DATASET CONTENT -
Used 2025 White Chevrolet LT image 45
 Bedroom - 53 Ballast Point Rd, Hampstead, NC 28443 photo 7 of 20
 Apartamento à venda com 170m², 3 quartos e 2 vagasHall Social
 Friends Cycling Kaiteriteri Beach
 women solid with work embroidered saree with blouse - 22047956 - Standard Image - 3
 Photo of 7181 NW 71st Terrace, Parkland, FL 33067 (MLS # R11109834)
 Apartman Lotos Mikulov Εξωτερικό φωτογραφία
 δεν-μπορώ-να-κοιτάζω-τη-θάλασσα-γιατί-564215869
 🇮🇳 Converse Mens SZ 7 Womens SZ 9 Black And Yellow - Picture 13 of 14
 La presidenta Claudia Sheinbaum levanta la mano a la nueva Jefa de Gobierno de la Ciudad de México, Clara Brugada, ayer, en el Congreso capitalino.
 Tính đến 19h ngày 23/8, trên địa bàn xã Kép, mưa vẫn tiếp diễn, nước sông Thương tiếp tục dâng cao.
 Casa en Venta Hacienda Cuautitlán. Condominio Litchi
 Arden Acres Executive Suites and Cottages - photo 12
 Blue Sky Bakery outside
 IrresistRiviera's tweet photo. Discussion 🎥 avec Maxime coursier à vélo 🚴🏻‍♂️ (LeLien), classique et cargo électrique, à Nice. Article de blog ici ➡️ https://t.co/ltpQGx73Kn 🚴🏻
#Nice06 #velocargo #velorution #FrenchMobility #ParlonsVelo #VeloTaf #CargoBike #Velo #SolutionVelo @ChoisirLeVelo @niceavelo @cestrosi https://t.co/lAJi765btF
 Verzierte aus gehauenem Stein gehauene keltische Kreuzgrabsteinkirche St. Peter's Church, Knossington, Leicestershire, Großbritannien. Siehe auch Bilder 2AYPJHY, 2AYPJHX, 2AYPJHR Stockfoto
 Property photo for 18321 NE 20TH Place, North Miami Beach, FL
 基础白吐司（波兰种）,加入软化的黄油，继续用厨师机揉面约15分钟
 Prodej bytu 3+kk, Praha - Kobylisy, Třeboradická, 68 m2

WORK INSTRUCTION - Go through the material and select each line with the string "Beach" in it.

TASK OUTPUT -
 Friends Cycling Kaiteriteri Beach
 Property photo for 18321 NE 20TH Place, North Miami Beach, FL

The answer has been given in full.